Ma è altrettanto necessario un nuovo “Piano regionale del lavoro” che metta al centro l’occupazione stabile, la sicurezza nei luoghi di lavoro e una politica industriale in grado di valorizzare settori strategici come l’edilizia, la rigenerazione urbana e la riconversione ecologica.
Non basta dire che si tagliano le tasse o che si riduce il disavanzo. Occorre definire dove e come si vuole intervenire per ricostruire fiducia.
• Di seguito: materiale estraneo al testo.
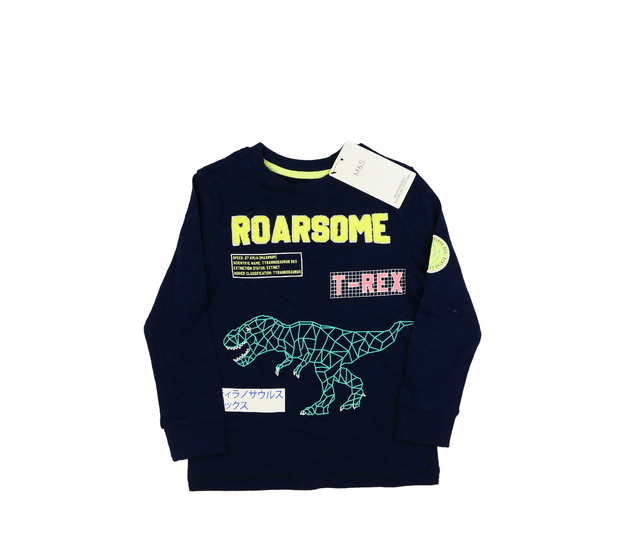 Nové tmavě modré triko s dinosaurem M&S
La fiscalità deve essere progressiva, ma soprattutto finalizzata a politiche pubbliche che generino benessere, qualità della vita, diritti di cittadinanza.
Solo così si può tornare a dare senso al contributo richiesto ai cittadini e rafforzare il legame tra istituzioni, lavoratori e territori.
Serve il coraggio di aprire una stagione di partecipazione reale, che coinvolga forze sociali, amministrazioni locali, imprese e cittadini.
In questo senso, i referendum promossi dalla Cgil per l’8 e 9 giugno rappresentano un’occasione importante per riaprire una discussione collettiva sulla dignità del lavoro e su un modello di sviluppo che guardi a un cambiamento strutturale nell’ottica della responsabilità condivisa, della tutela dei diritti a partire da chi lavora, da chi costruisce il futuro.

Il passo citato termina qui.